Congress leader Rahul Gandhi delivered a lecture at Cambridge University titled ‘Learning to Listen in the 21st Century’, during which he spoke on various topics, ranging from the global democratic environment to Indian democracy under attack.
During the speech, Rahul alleged that the Israeli spyware Pegasus was being used to snoop into the phones of several political leaders, including his own. He further added that intelligence officers had warned him to be ‘careful’ about conversations over the phone, which were allegedly being recorded. Rahul also spoke about the pressure faced by the opposition under the current government, including criminal cases being filed against them.
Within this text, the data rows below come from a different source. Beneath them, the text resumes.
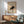 May include: A framed museum poster featuring a black cat in a stretching or hissing pose against a tan background, displayed above a wooden sideboard with sliding doors. The print has museum text and artist attribution. A mint green mid-century modern armchair with wooden frame sits beside the credenza, along with a white ceramic table lamp. Natural sunlight creates geometric shadows across the white wall and wooden furniture.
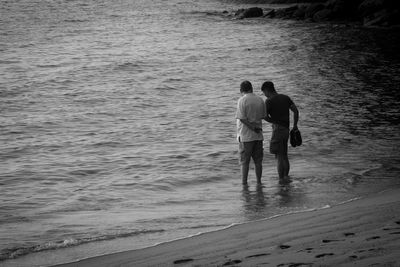 Rear view of friends standing on beach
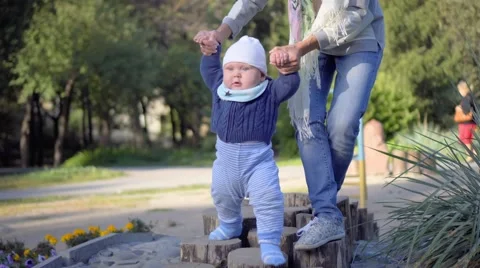 The child makes the first steps, mother help him. Autumn park Stock Footage 68810925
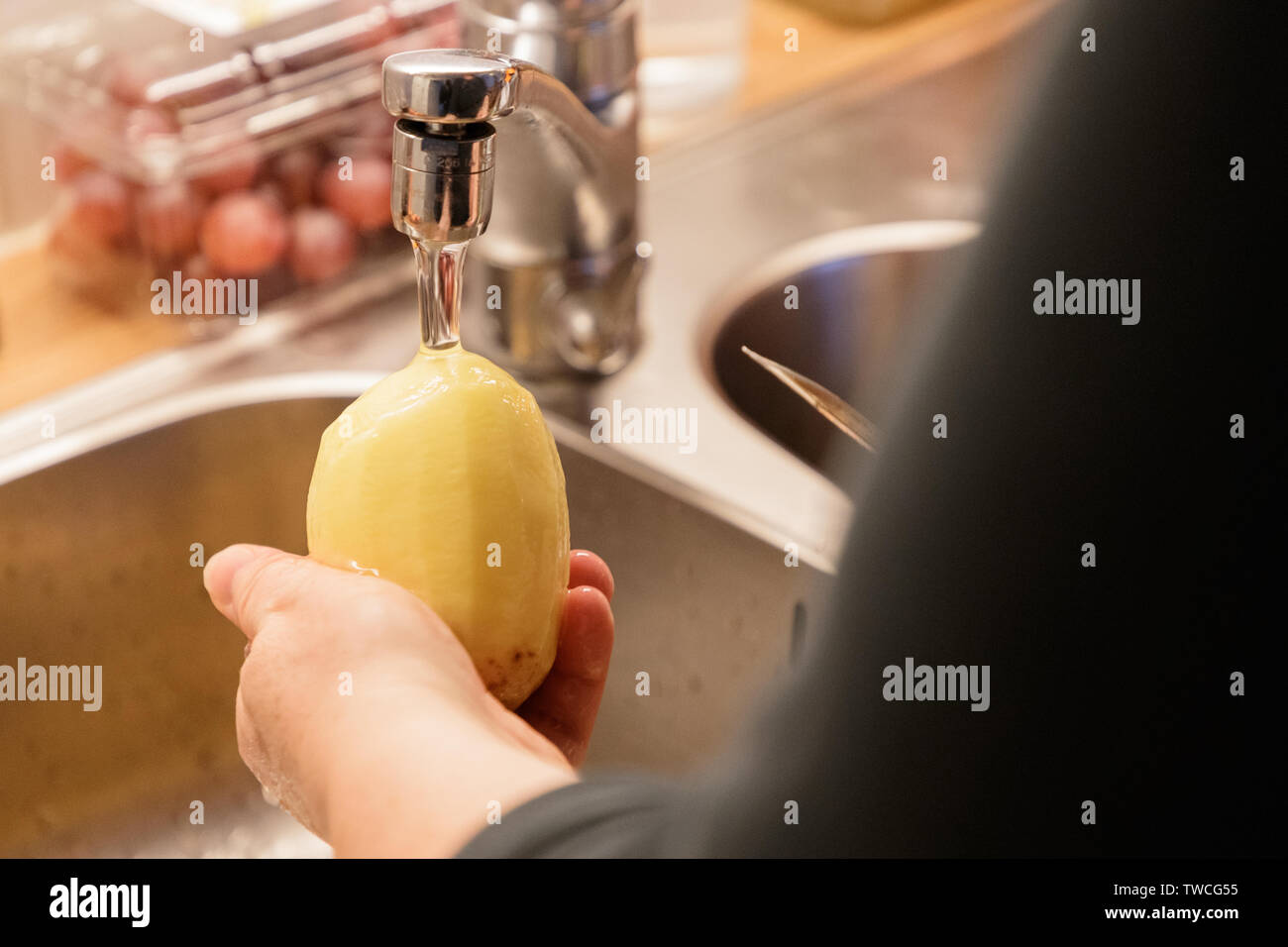 Frau Schälen von Kartoffeln über ein Spülbecken closeup Stockfoto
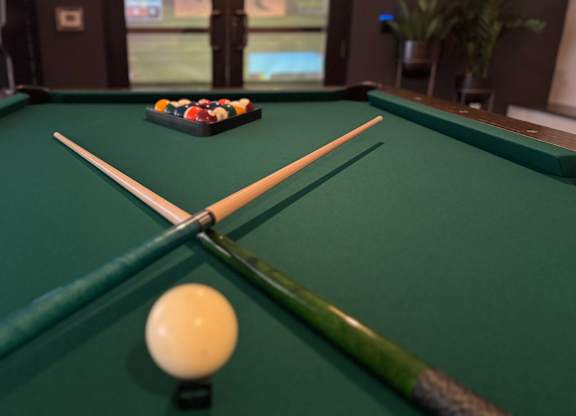 A pool table with a white ball in the middle and two cues crossed over it.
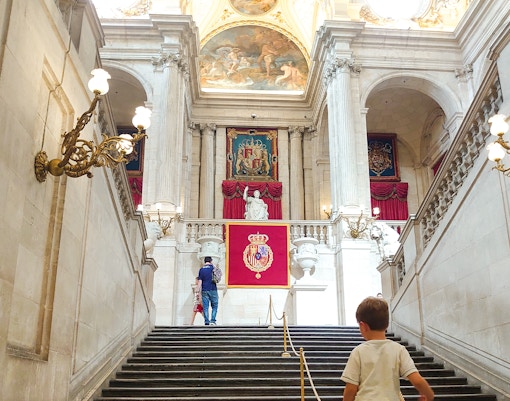 Royal Palace of Madrid exterior with tourists, part of Combo tour with Liria Palace tickets.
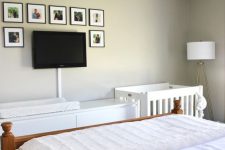 a modern bedroom with a white dresser, a white crib, a floor lamp, a bed with neutral bedding, a gallery wall, a TV
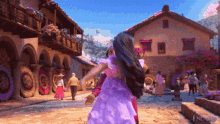 a woman in a purple dress is holding another woman 's hair in front of a building that says encanto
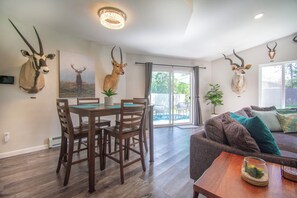 Un coin repas comprenant une table et des chaises, un canapé et des têtes d’antilopes décoratives accrochées aux murs.
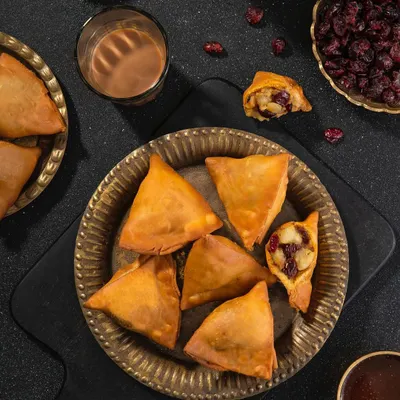 Cranberry-filled samosas, a fusion recipe for US Cranberries India. The dark, moody styling with brass plates and cutting chai glasses gives a rustic yet modern feel.
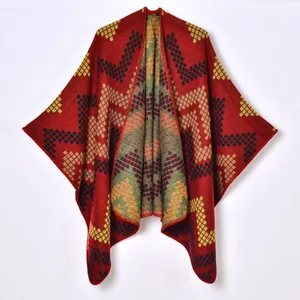Women's thick knit shawl cape with red geometric patterns and warm jacquard texture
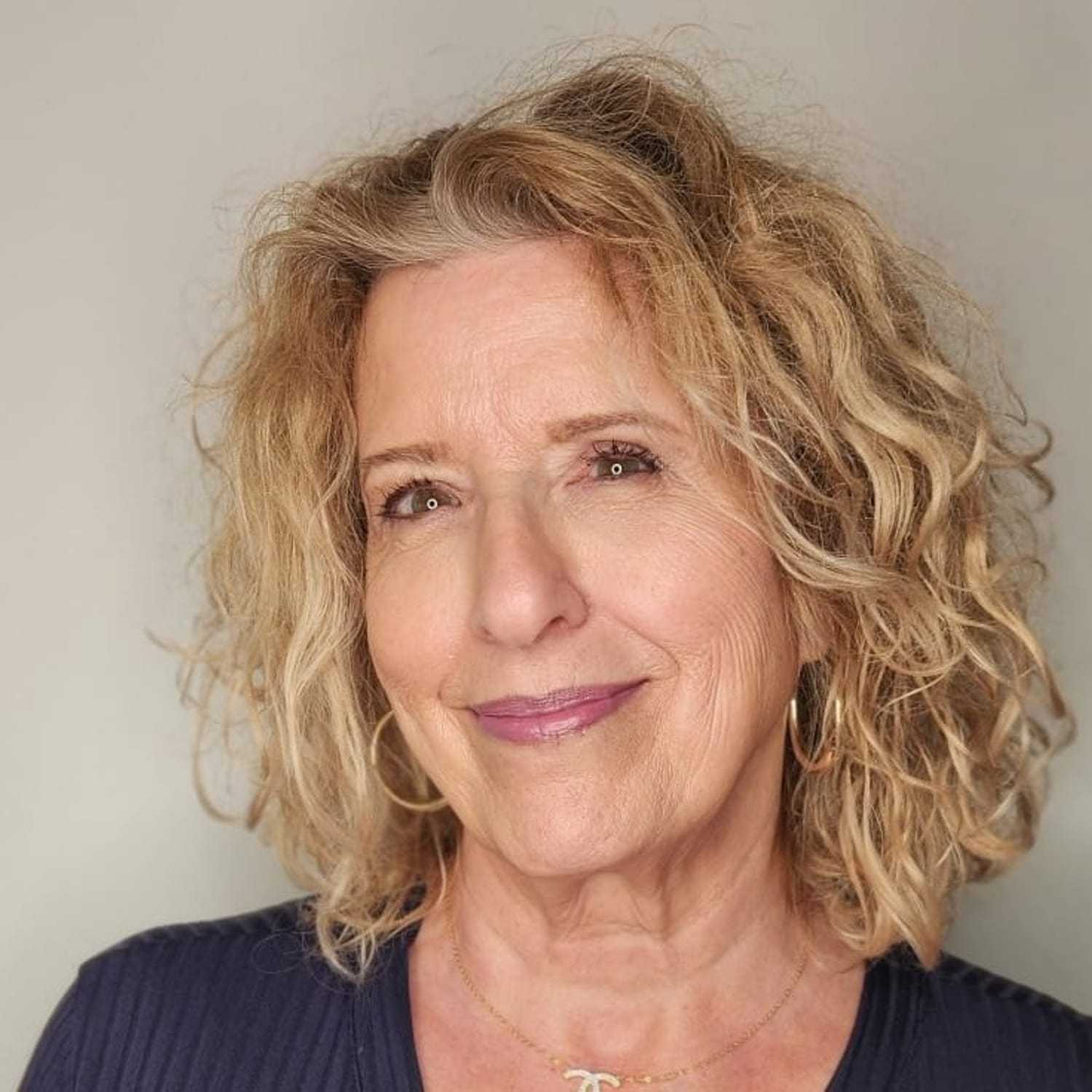 Portrait of Amanda, a professional stylist at The Greenroom Salon, showcasing their expertise and style.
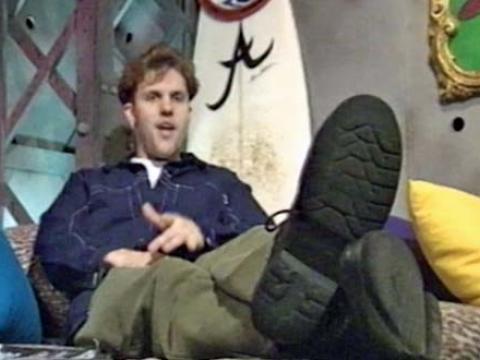 Young man reclining on a bed with a surfboard behind him.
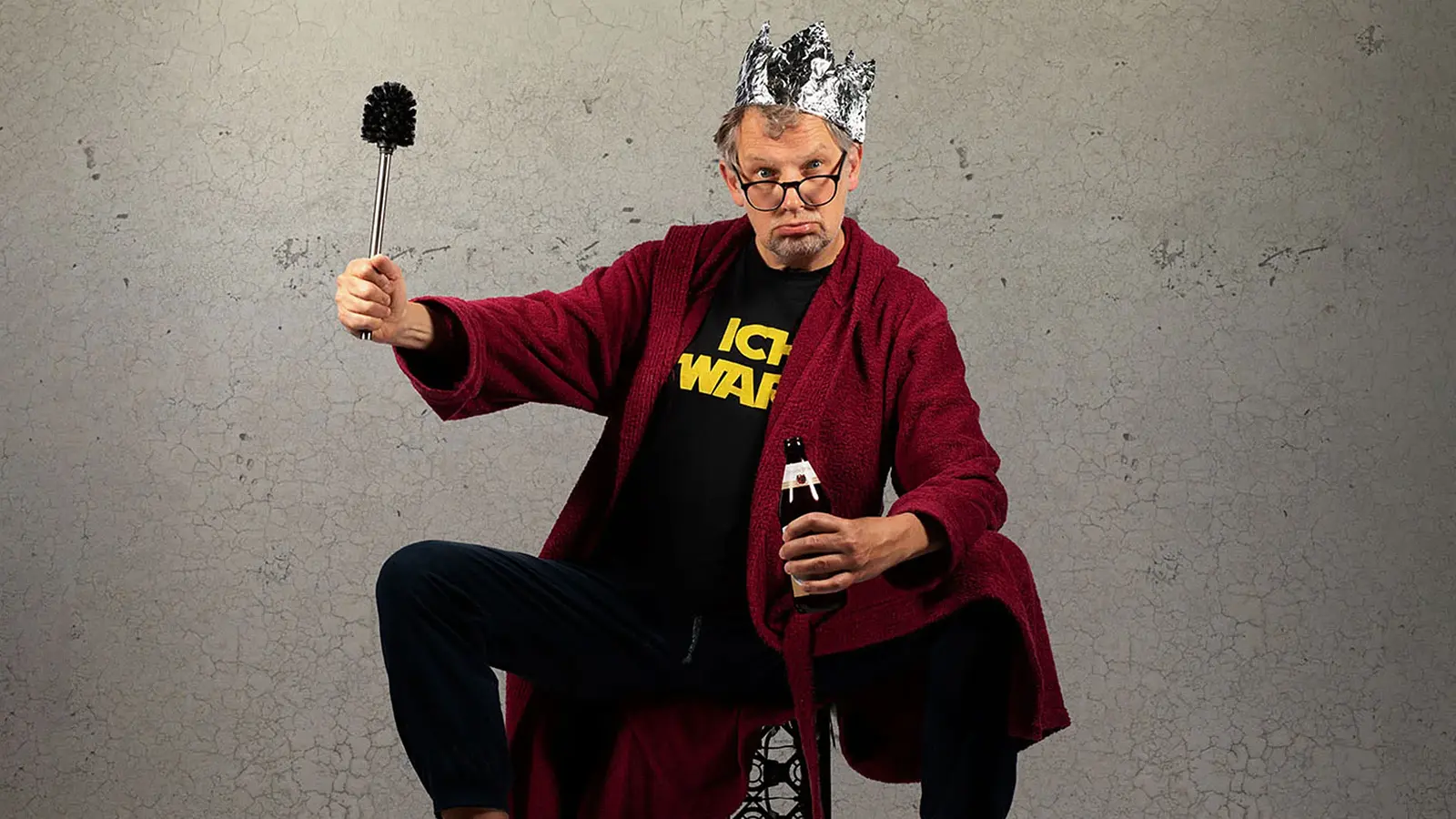 Foto für die Veranstaltung von Severin Groebner – ICH BIN DAS VOLK mit dem Künstler, der auf einem Stuhl sitzt, in einer Hand ein Bier hält und in der anderen eine Toilettenbürste, während er eine Krone aus Alufolie trägt; im Hintergrund eine Steinwand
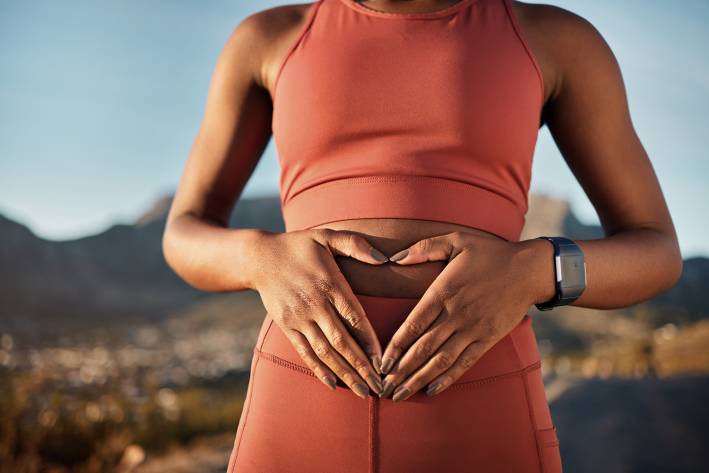 a runner indicating she has a healthy gut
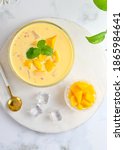 Small photo of A bowl of Mango sago, Hongkong dessert made from mango juice, jelly, sago pearl, evaporated milk and sweetened condensed milk. Top view, white background, Selective focus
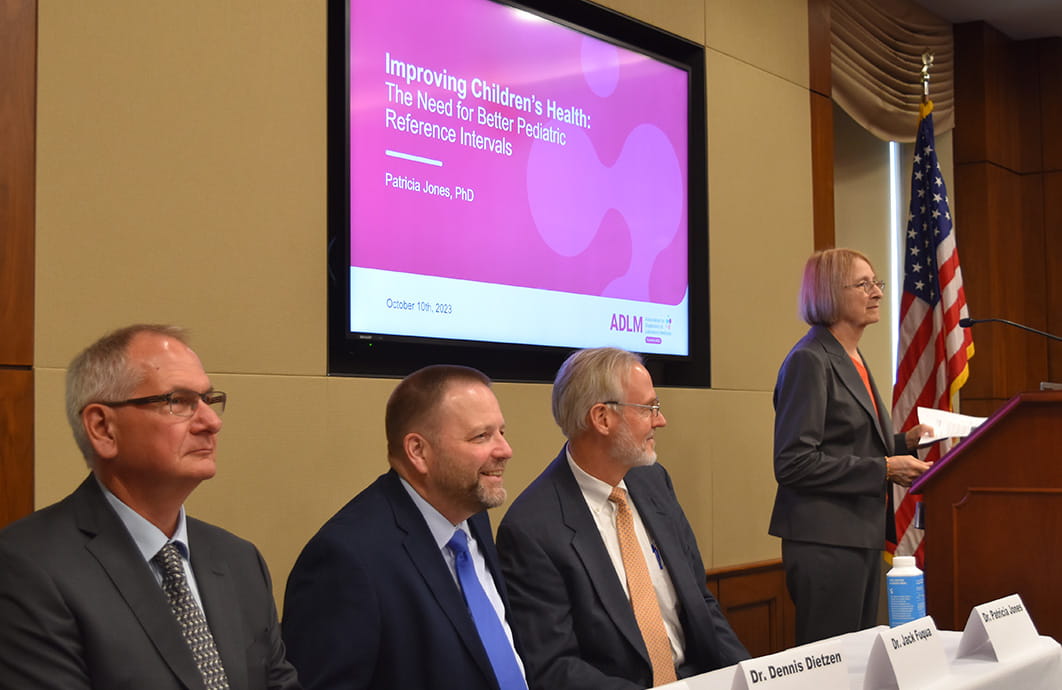 Row of speakers at a conference with a large TV screen mounted behind them. 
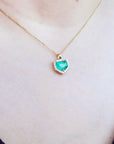 Necklace with a heart-shaped natural emerald pendant on a person wearing a dark blue top.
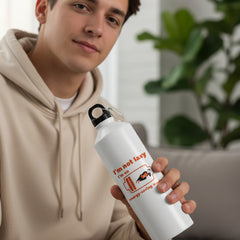 White water bottle with humorous design and text on a blurred green outdoor background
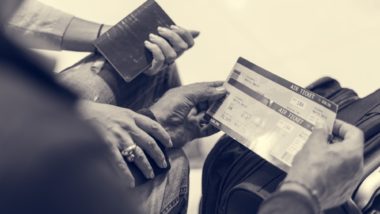Pair of hands holding flight tickets regarding the class action filed against Air Canada over retirement benefits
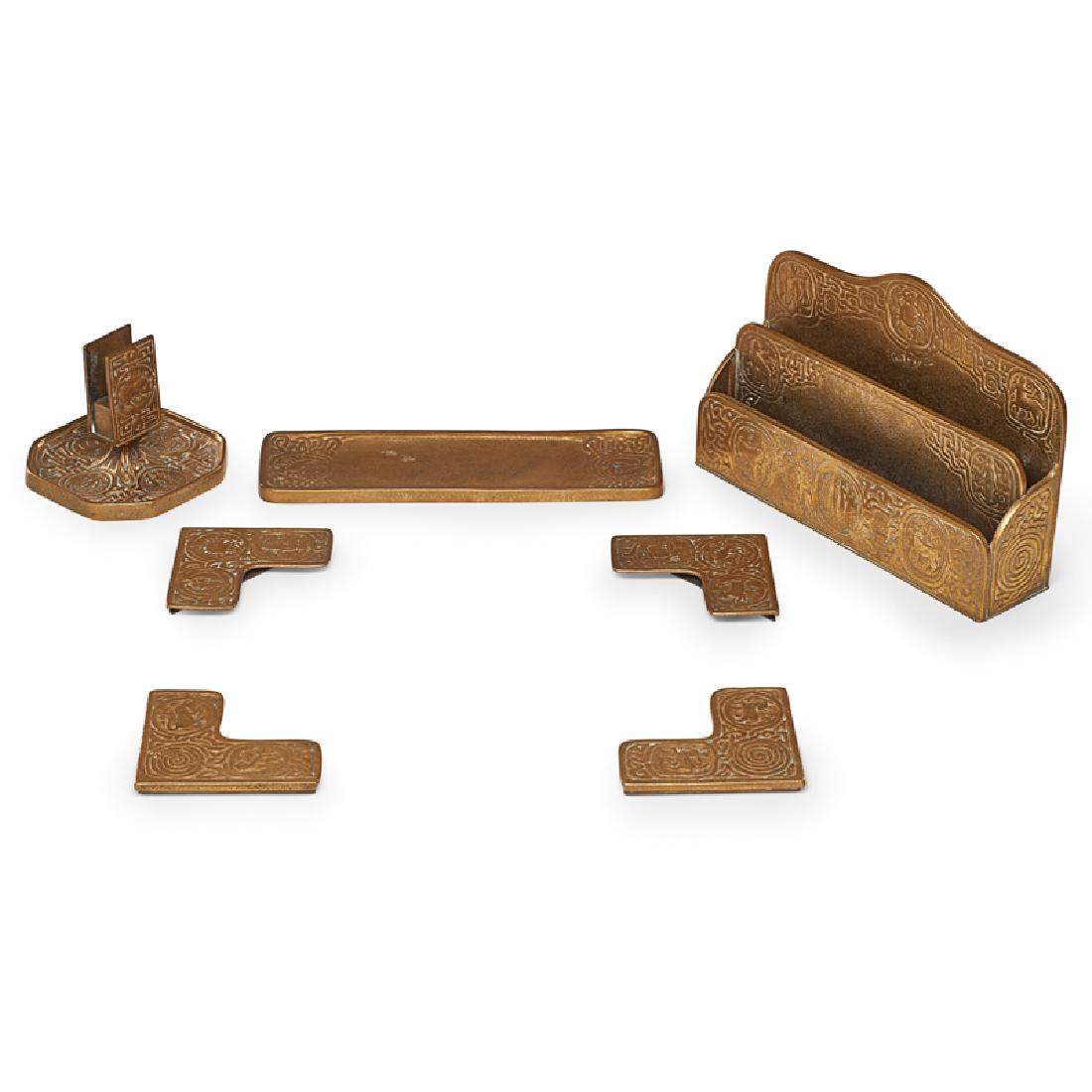 TIFFANY STUDIOS Seven Zodiac desk set pieces: TIFFANY STUDIOS Seven Zodiac desk set pieces, New York, early 20th C.: paper rack, pen tray, match holder/ashtray, four blotter corners Acid-etched gilt bronze All marked Largest: 6 1/4" x 9 1/2" x 2 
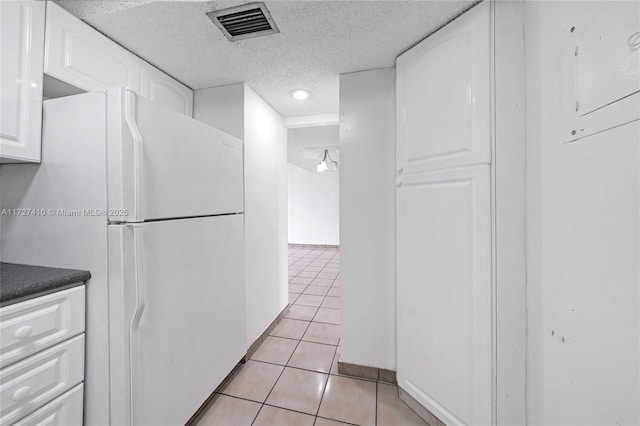 kitchen with white refrigerator, white cabinetry, light tile patterned floors, and a textured ceiling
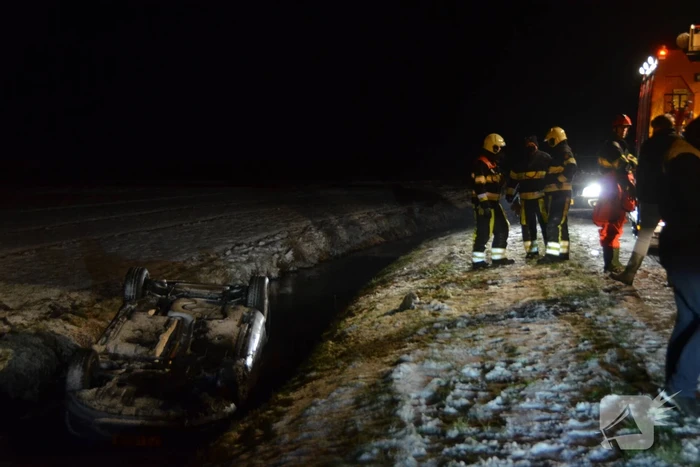 Auto glijdt van de weg en belandt op de kop in sloot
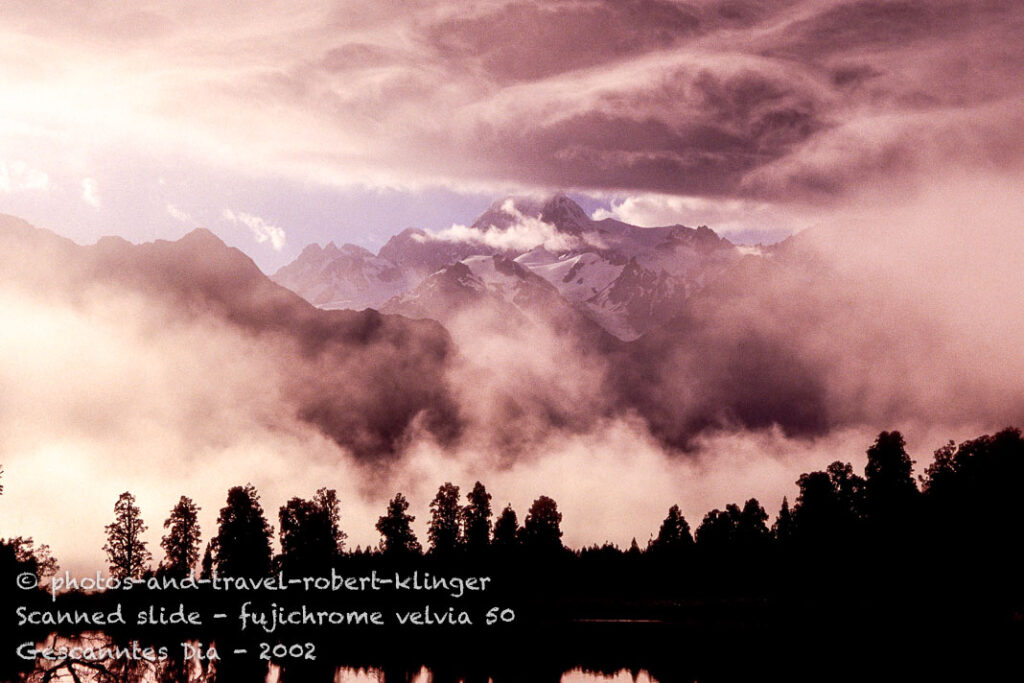 Lake Matheson early Morning with lots of fog and the view on Mt Cook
He narrated incidents from his recently concluded 4,000-km Bharat Jodo Yatra across 12 states, during which he explained the power of listening and non-violence. Despite being warned by security personnel about the possibility of terrorist attacks, Rahul continued with the walk. An unknown man approached him and asked whether he had come to listen to the people of the valley. The man pointed to a group of militants standing nearby. Rahul said he looked at them and thought that he was in trouble but nothing happened. “They did not have the power to do anything, even if they wanted to, because I came into that environment to listen, with no violence in me at all,” he said.
Rahul also touched upon the diverse ideologies of the US and China since World War II and the 1991 collapse of the Soviet Union. Talking about the massive shift of production to China and decline in manufacturing in countries like India and the US, he said the issues of inequality and anger need to be addressed urgently.
He shared that he was initially amazed by the individual freedom and openness in the United States of America, but the situation changed post the September 11, 2001, terror attacks. He also shared how his ID was not checked at an airport shortly after the assassination of his father Rajiv Gandhi. “Anybody can come to America and dream the American dream. Inside America, they will trust you and protect you. Outside of the country, they can sometimes do bad things,” he said.
Rahul admitted that he is not an expert on China but shared what he understood from his conversations with senior leaders. The country “idolises harmony” through organisation around the Chinese Communist Party, he said. “China looks at energy, flow, and processes and then tries to shape them. If you use this metaphor, you can see what the Belt and Road is.”
Overall, Rahul’s speech touched upon various important topics, ranging from the need for a global democratic environment to the issues of inequality and anger, as well as the use of surveillance technology and the restrictions faced by opposition parties in India. His speech highlighted the importance of listening and non-violence in today’s world.